Not for the first time, Challis began Reaping Day wishing he could cut his hair. There were worse problems to have, which he acknowledged, but his stepmother was adamant that a longer style was essential to his brand. He couldn't really complain considering his status, but for an almost nineteen-year-old boy, he chafed at the restriction.
There were lots of good things about being the heir to a Capitol-funded textile empire. He had to admit that. He never had to worry about getting food on the table, and he could have as many new clothes as he wanted. He had a loving father, three aunties who spoiled him, and stepmother all the way from District One. She came with a Capitol fashion education, Capitol manners, and a plan to raise Challis as though he was a Capitol citizen, and the only trouble with her plan was that Challis wanted more.

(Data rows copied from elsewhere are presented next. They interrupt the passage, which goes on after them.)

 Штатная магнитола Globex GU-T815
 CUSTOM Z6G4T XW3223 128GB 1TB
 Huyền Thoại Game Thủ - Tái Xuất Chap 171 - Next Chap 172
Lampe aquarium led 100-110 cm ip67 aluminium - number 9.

It grated at him. He didn't want to be ungrateful. He knew that he was at the top of the pile, fortunate enough to be a member of District Eight's razor-thin elite class, but as he aged into adulthood, he found his mind wandering into the future. When would he be allowed to choose his own pursuits? Would his brand always involve shaggy hair and silk shirts and physical fitness? He understood that he had opportunities most people could only dream of, but the world had to hold more than the flat splendor surrounding him.

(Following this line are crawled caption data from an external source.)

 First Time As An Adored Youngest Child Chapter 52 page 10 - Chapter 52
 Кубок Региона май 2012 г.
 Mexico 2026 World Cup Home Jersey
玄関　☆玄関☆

Painted cardboard. That's how it felt. Luxurious at a distance, shabby and peeling when you got closer. District Eight's smokestacks reached high in the sky, belching steam from the machines of industry, as people scurried through the factories, watchful, ever watchful, like ants running from a garden hose.
But you couldn't outrun what was orders of magnitude larger than you, and Challis knew that it was impossible for the denizens of District Eight, grubby and sickly and starving, to stand up to the Capitol. His family comforted him when he told them this. His relatives fretted and soothed and said it wasn't that way for him, because the Bradens were good, the Bradens were special.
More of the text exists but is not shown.